Познакомился я с ним давно, еще в годы, когда он был одним из лидеров РАПП. Мы встречались в Москве, потом в Мадриде и Париже. «Разгром» мне понравился, но человека я не понимал, вернее, не знал; и в 1940 году, когда я беседовал с ним, он был для меня, скорее, начальником, чем писателем. Вспоминая прошлое, он, в свою очередь, как-то признался: «Я вас считал человеком издалека. В Мадриде я говорил нашим военным,- они вас защищали: «Может быть, он и готов умереть за наше дело, но жить с нами он не хочет, да и не может…»

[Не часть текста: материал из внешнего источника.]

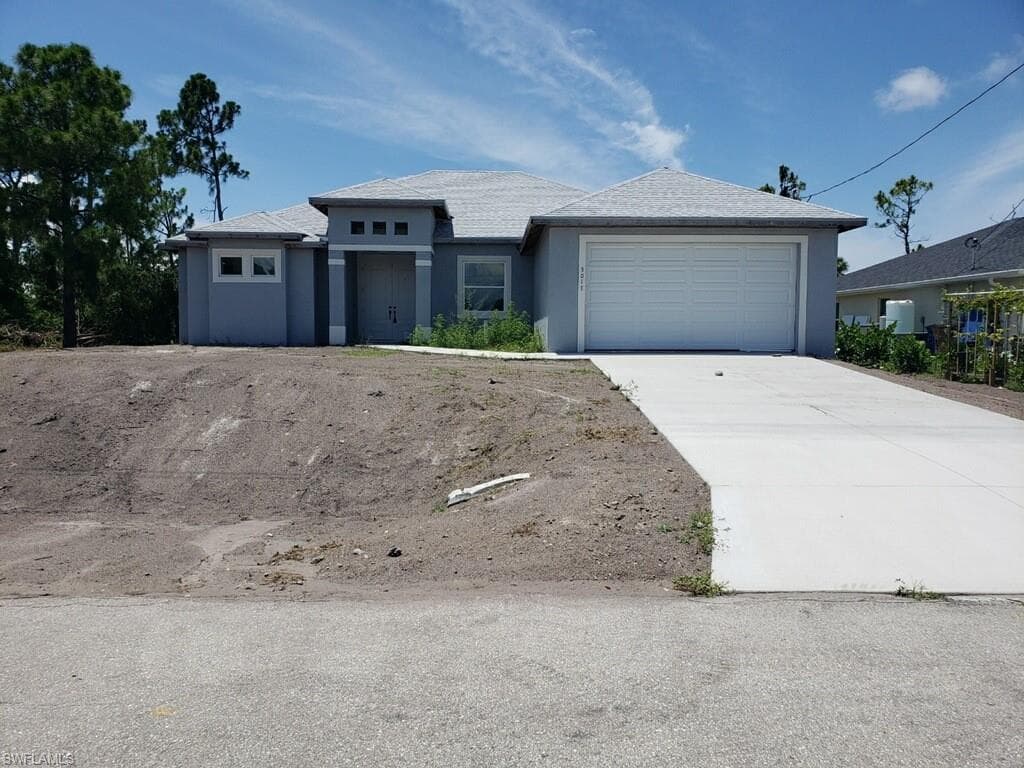 3017 45th ST SW LEHIGH ACRES, FL 33976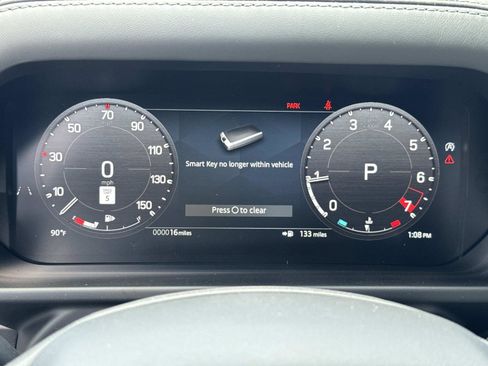 New 2026 Land Rover Defender 110 X-Dynamic SE AWD/4WD image 30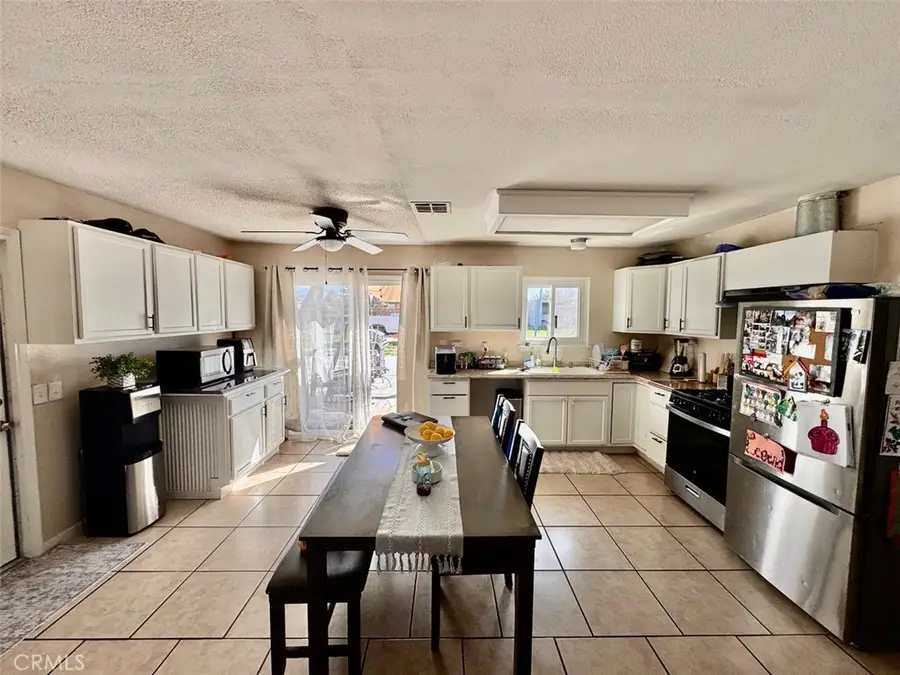 14737 Yucca, Hesperia, CA 92345 - #2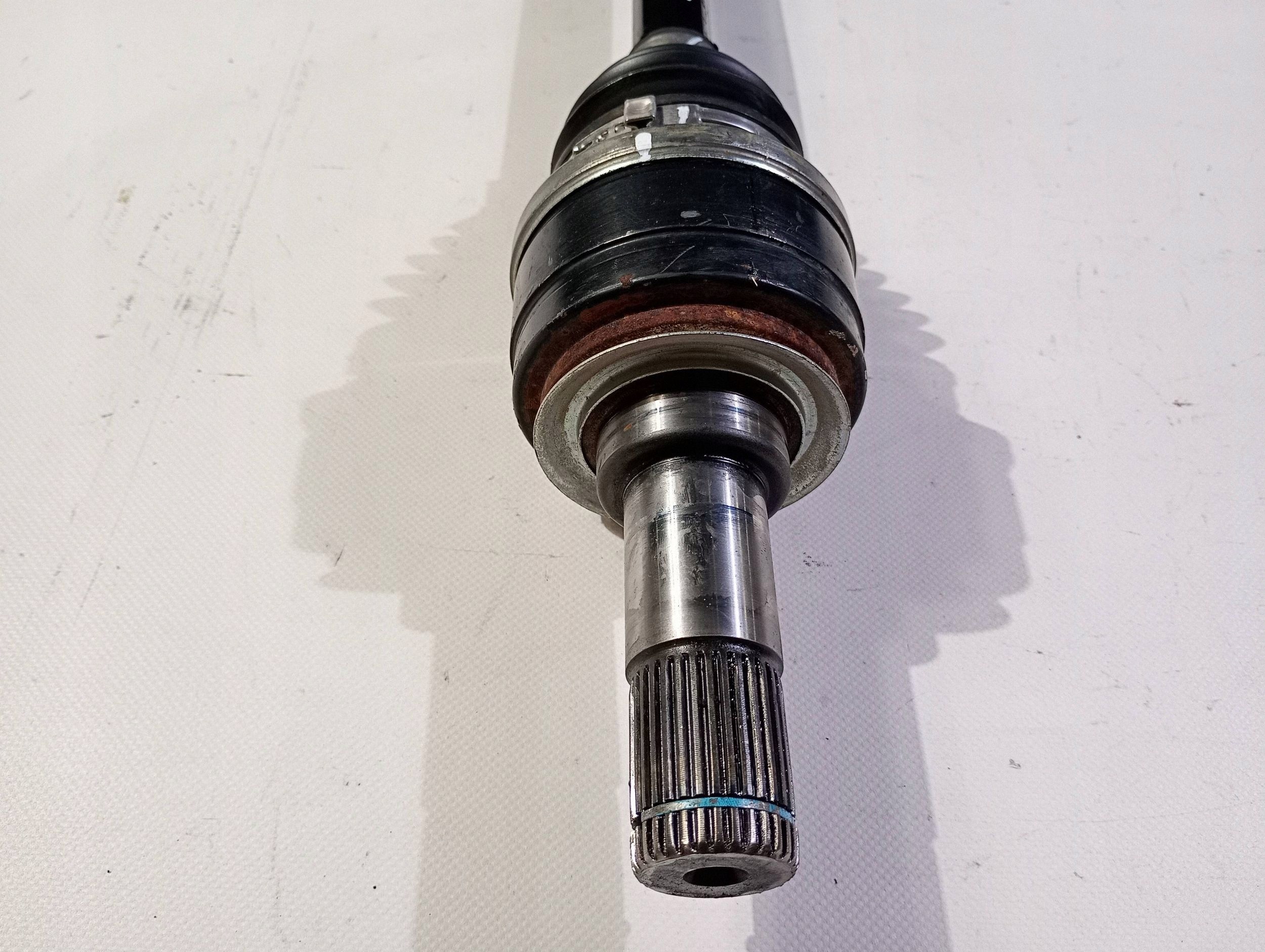 semi-axis left rear part rear left Chevrolet Camaro SS 6.2 v8 2009-2015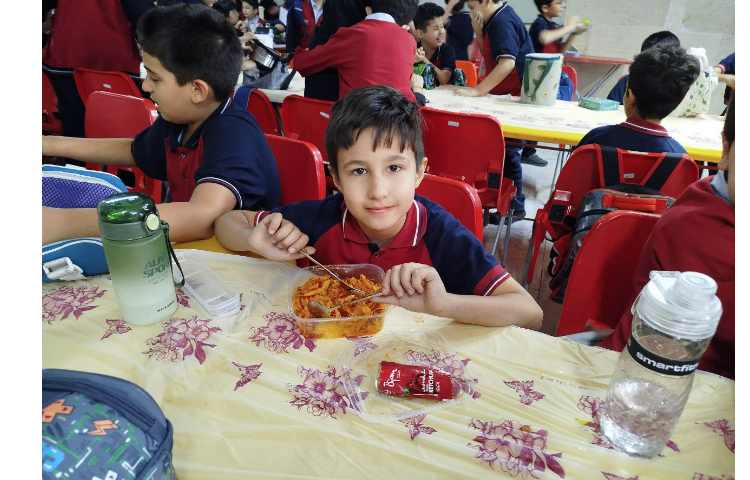 توزیع ناهار در سالن ناهارخوری 10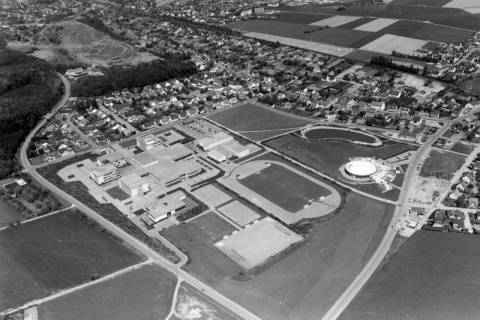 ARH NL Mellin 02-104/0004, Schulzentrum, Deisterbad und Blick auf die Stadt, Barsinghausen, um 1970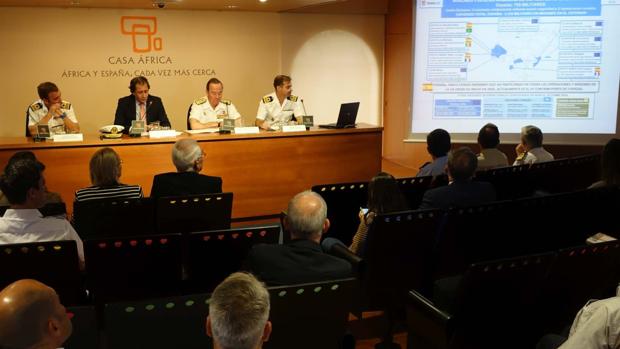 El almirante comandante del Mando Naval de Canarias, Juan L. Sobrino, en una conferencia en Casa Africa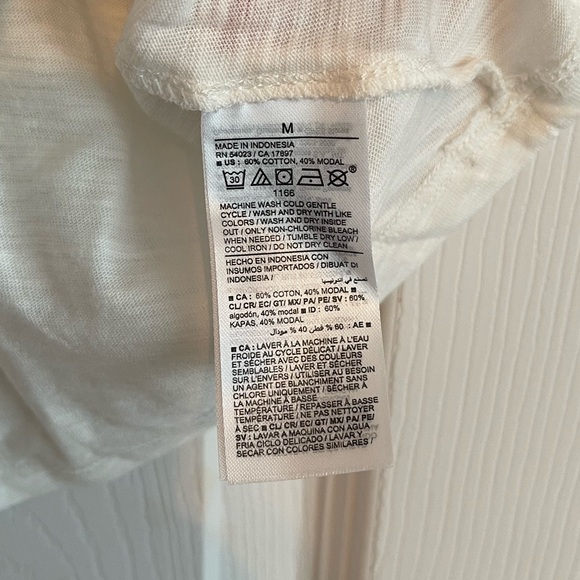 Old Navy Women's Cream Flutter Sleeve Top. Size Medium - Picture 4 of 4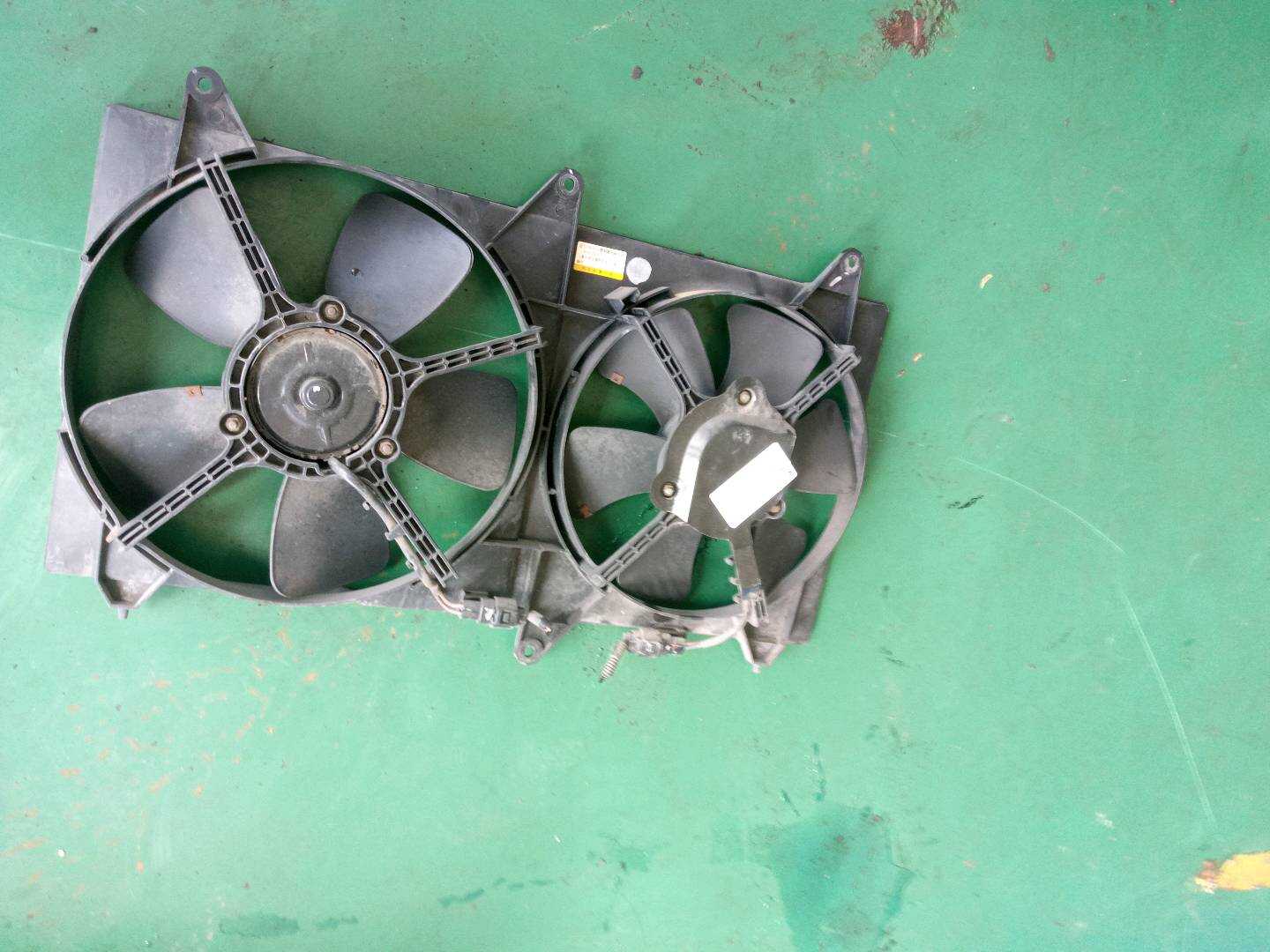 9046077 Radiator Electric Fan Assembly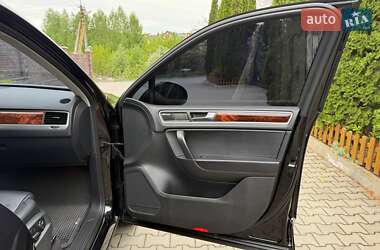 Позашляховик / Кросовер Volkswagen Touareg 2010 в 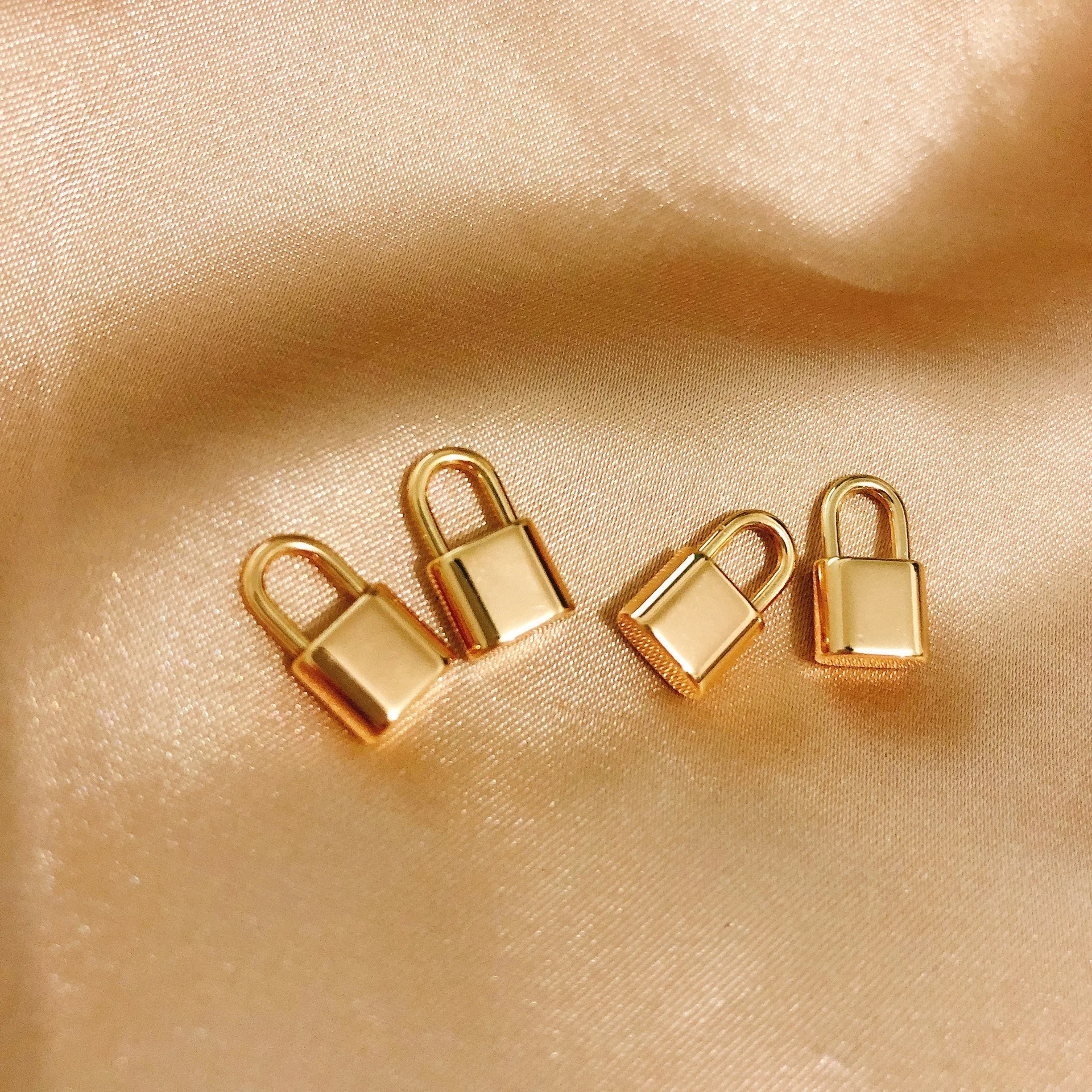 

3PCS 18K Gold lock Charms, Dainty Small lock Charm, Personalized Pendant, Jewelry Making Necklace DiY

После войны мы начали приглядываться друг к другу. В Пензе, во время юбилея Белинского, я с ним проговорил весь вечер. Потом мы встретились в Москве, говорили о книгах, о судьбах писателей. Я начал понимать, что Фадеев не такой, каким он мне казался. Но по-настоящему я его узнал в те пять-шесть лет, когда мы вместе работали в Движении сторонников мира; мы разговаривали в самолетах, в вагонах, часто - то в Осло, то в Вене, то в Праге - Александр Александрович ночью приходил в мой номер и говорил, говорил. Именно поэтому я начал писать о нем после того, как рассказал о Парижском конгрессе.
Я не скажу, чтобы мы подружились,- уж очень разными мы были; но, может быть, поэтому Фадеев порой бывал со мною откровеннее, чем со многими из своих близких друзей. Очевидно, представление о «человеке издалека» где-то в нем оставалось, и, беседуя со мной, он чувствовал себя свободнее, чем со своими друзьями. Друзей у него было немало (я говорю сейчас не о лицемерах, старавшихся угодить человеку, обладавшему властью, а о людях, искренне любивших Александра Александровича). Но мне кажется, что с друзьями он не всегда и не о всем заговаривал. Вот одно из его признаний: «Уж я-то знаю, что такое одиночество!…» Со множеством людей он был на «ты», его называли Сашей; а мы величали друг друга по имени-отчеству.